Institute of Informatics and Artificial Intelligence (IIAI)

Department of artificial intelligence systems(AIS)

Speciality Artificial intelligence systems

Models and algorithmic support for the construction of semantic networks in natural language texts

Scientific adviser: Ph.D. (c.t.s)., Sergey Voronoy

Abstract

Соntents

  1. Goals and Objectives

  2. The relevance of the topic

  3. The proposed scientific novelty

  4. Expected practical results

  5. A summary of the results of their own

  6. Conclusion

  7. Literature



1 Goals and Objectives

The aim of research is creating a new, more efficient method of constructing a semantic network of natural language texts.

To achieve this goal it is necessary to solve the following tasks:

- to make a detailed analysis of the previously existing methods of constructing semantic networks;

- to identify major shortcomings and problems of implementation of existing algorithms for constructing semantic networks;

- to determine the degree of scrutiny of these issues;

- to define the scope of existing technologies;

- to determine which set of problems is possible to be solved by the semantic network;

- based upon the analysis of the foregoing points to make conclusions and to propose a new method for constructing semantic networks which is capable to solve the existing problems of this domain fully.

2 The relevance of the topic

With each passing day large amounts of information grow rapidly. But as you know, the information required ordering and processing. Therefore, there is a necessity for a means for storing data and mechanisms for their rapid and efficient processing.

Semantic networks are just the mechanism that can process the information and accumulated knowledge effectively and fully.

The method of knowledge representation in network models is closest to the way they are represented in the texts in natural language. It is based on the idea that all the necessary information can be described as a set of triples (arb), where a and b are objects, and r is a binary relation between them [1].

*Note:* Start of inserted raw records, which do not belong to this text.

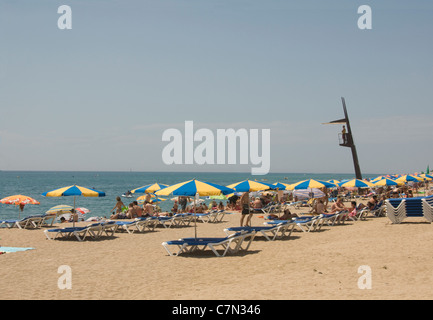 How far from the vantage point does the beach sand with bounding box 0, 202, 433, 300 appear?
6.41m

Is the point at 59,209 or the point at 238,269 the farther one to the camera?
the point at 59,209

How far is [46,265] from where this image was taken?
29.8ft

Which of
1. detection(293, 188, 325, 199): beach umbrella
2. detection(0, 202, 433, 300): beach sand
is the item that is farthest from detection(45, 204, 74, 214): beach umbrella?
detection(293, 188, 325, 199): beach umbrella

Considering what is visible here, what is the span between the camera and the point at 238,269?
8.48 metres

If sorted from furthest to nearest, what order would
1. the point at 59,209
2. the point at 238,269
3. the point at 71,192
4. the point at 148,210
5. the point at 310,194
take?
the point at 310,194, the point at 59,209, the point at 148,210, the point at 71,192, the point at 238,269

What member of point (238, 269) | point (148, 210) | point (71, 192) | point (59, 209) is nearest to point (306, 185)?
point (148, 210)

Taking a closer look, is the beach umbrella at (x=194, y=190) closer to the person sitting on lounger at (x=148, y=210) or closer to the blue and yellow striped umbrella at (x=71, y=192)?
the blue and yellow striped umbrella at (x=71, y=192)

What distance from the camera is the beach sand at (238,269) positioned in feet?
21.0

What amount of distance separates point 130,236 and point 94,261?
458cm

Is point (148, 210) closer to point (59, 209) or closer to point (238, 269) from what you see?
point (59, 209)

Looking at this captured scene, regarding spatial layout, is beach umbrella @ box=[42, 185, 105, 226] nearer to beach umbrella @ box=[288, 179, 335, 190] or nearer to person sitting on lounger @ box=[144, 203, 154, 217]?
person sitting on lounger @ box=[144, 203, 154, 217]

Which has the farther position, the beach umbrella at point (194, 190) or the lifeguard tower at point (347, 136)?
the lifeguard tower at point (347, 136)

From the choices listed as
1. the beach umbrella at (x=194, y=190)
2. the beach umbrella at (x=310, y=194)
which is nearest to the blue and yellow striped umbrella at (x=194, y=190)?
the beach umbrella at (x=194, y=190) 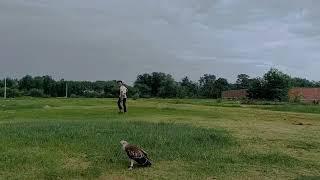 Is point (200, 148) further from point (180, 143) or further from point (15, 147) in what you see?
point (15, 147)

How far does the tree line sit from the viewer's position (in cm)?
9325

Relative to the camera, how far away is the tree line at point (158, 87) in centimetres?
9325

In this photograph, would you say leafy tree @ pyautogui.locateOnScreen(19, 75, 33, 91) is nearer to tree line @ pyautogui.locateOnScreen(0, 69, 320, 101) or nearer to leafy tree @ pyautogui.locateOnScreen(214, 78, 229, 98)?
tree line @ pyautogui.locateOnScreen(0, 69, 320, 101)

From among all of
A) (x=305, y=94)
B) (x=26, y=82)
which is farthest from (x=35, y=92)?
(x=305, y=94)

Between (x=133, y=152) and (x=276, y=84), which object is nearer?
(x=133, y=152)

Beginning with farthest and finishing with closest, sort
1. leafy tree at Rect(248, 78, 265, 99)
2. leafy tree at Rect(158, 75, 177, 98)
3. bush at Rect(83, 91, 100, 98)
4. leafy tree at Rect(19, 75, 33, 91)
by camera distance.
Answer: leafy tree at Rect(19, 75, 33, 91) < leafy tree at Rect(158, 75, 177, 98) < bush at Rect(83, 91, 100, 98) < leafy tree at Rect(248, 78, 265, 99)

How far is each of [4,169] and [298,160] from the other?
852 cm

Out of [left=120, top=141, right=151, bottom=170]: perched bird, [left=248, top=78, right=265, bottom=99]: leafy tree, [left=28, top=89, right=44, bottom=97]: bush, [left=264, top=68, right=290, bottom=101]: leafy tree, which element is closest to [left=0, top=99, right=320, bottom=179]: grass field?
[left=120, top=141, right=151, bottom=170]: perched bird

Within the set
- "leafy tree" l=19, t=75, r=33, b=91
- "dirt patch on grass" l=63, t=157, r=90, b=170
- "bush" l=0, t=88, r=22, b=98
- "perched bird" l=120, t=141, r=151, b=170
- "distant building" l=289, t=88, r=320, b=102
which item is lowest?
"dirt patch on grass" l=63, t=157, r=90, b=170

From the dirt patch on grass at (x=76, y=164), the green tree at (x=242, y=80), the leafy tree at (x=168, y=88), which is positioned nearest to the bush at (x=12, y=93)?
the leafy tree at (x=168, y=88)

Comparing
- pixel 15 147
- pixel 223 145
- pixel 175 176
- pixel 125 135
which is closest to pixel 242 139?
pixel 223 145

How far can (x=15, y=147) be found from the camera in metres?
16.8

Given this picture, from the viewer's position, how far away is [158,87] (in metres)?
119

Semantic Web is an information domain model formed as a directed graph which vertices correspond to objects of the domain and the arcs (edges) define the relationships between them. Concepts, events, properties and processes can be objects.

Based on the above-mentioned we can conclude that the subject of this research is highly relevant as it allow to solve one of the most important challenges of the information society - a problem of processing of the accumulated information and presenting it in a more convenient form for storage.

3 The proposed scientific novelty

Scientific novelty of the research is developing a new method for constructing semantic networks in natural language texts based on the results of a detailed analysis of the previously existing methods and determining of deficiencies and problems of existing methods and algorithms.

4 Expected practical results

As a result of the work the creation of algorithmic support using the developed method is planned. This algorithm must meet the following requirements:

- speed of implementation;

- lack of defects that have occurred in previous algorithms;

- the effectiveness of the work;

- opportunity to optimize the solving of unusual problems.

5 A summary of the results of their own

As a result of the analysis of the previously existing methods for constructing semantic networks major shortcomings and problems of implementation of existing algorithms were highlighted. The degree of scrutiny of the problem and the relevance of the using of semantic networks was also determined. Based on the analysis mentioned above conclusions were drawn. Now we are working on a new method for constructing semantic networks that can solve the problem of the domain as fully as possible.

6 Conclusion

The tasks of texts processing emerged almost immediately after the onset of computer technology. Despite the half-century history of research in artificial intelligence sphere, computational linguistics experience, a huge leap in the development of Internet technologies and related disciplines, most satisfactory solution of practical problems of text processing is not found. However, the IT industry has demanded a satisfactory solution to some problems of texts processing. Thus, the development of data warehouses makes the problem of information retrieving and forming of well-constructed text documents topical. The rapid development of Internet has led to the creation and accumulation of huge amounts of textual information, which requires a full-text search and automatic text classification (software tools to fight spam), and if the first task is solved more or less satisfactorily, solving of the second one is still far away.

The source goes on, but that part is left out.